Platelet function testing was performed using LTA. There are numerous test devices or test systems available to evaluate platelet function, but most of these only refer to whole blood testing of patients in perioperative settings.[15,22] In contrast, LTA is developed exclusively for the use of PRP as a sample matrix for testing platelet function. It is considered to be the gold standard method, stimulating platelets with standard inductors of platelet activation and aggregation.[5] The consistent significant inhibition of platelet function/platelet aggregation found after stimulation with arachidonic acid in the NSAID study group was irrespective of type and duration of NSAID intake and of the blood collection system used for PRP preparation. These effects could not be observed in the healthy control group without NSAID intake. Arachidonic acid is used in routine platelet aggregation studies for the differential diagnosis of aspirin-like release defects and storage pool disease (alpha granules) of platelets; it is also used to evaluate the inhibitory effect of aspirin or other NSAIDs on platelet function.[13,15] The pathophysiological effect is based on the fact that in vitro addition of platelets with arachidonic acid results in a burst of oxygen consumption, which highly induces and activates platelet aggregation via the phospholipase A2-cyclo-oxygenase–thromboxane A2 pathway. Therefore, ingestion of aspirin or aspirin-like compounds such as NSAIDs inhibits cyclo-oxygenase–mediated oxygen consumption, thus precluding all subsequent events leading to platelet activation and aggregation.[18] However, in the presence of NSAIDs in our study group, these reactions are absent. Also, bioactive compounds stored in the alpha granules such as growth factors, transforming growth factor–β, and platelet factor 4 cannot be adequately released if this pathway is blocked by NSAIDs, and platelet function is severely impaired. These conditions support our hypothesis that autologous PRP produced after NSAID intake is of lesser quality and therefore may negatively affect the healing effect. Consequently, if NSAID intake is necessary after sports injury and therapeutic, autologous PRP is considered, NSAID use should be commenced only after blood collection for the preparation of autologous PRP to avoid an adverse effect on platelet function and the quality of PRP.

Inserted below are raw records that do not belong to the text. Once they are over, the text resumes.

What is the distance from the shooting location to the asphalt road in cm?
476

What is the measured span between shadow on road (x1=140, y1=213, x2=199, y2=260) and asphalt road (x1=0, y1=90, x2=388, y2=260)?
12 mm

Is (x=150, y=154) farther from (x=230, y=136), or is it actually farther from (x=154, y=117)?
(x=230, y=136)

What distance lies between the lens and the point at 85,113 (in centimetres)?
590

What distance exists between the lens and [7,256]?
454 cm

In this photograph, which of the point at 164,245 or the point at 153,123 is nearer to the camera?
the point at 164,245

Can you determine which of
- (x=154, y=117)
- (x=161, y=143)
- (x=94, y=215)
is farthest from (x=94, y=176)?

This study has some limitations, such as the small sample size, as a pilot study. However, the numbers of participants derived from sample size calculation are sufficient to achieve statistical significance with a 95% confidence interval for the parameters investigated. The results should be considered as preliminary. Additionally, our control group consisted of only healthy individuals not undergoing orthopaedic surgery and therefore cannot be fully matched. We chose healthy volunteers as controls for ethical reasons, as patients after orthopaedic surgery cannot be precluded from receiving NSAIDs. Third, our study group consisted of orthopaedic patients undergoing elective surgery and did not include athletes with sports injuries. As NSAIDs should have the same therapeutic in vivo effects irrespective of the reason for administration, this should not weaken our findings. Last, we did not quantitate growth factors or cytokines in our PRPs. Therefore, we can only hypothesize or extrapolate that the pathophysiological mechanism extensively described resulted in a PRP with impaired effect on the site of administration. To study such direct effects, a larger prospective study including sports athletes with and without NSAID intake treated with PRP for sports injury must be performed. A strength of our study group is that participants who were chosen from a homogenous collective were all operated on and followed up with by the same surgeon. This ensured optimal adherence with the NSAID regimen.

Conclusion

Autologous PRP produced from subjects after NSAID medication use shows significantly impaired platelet function. If required, the administration of NSAIDs should be performed after blood collection for the preparation of autologous PRP; otherwise, the therapeutic effect may be reduced.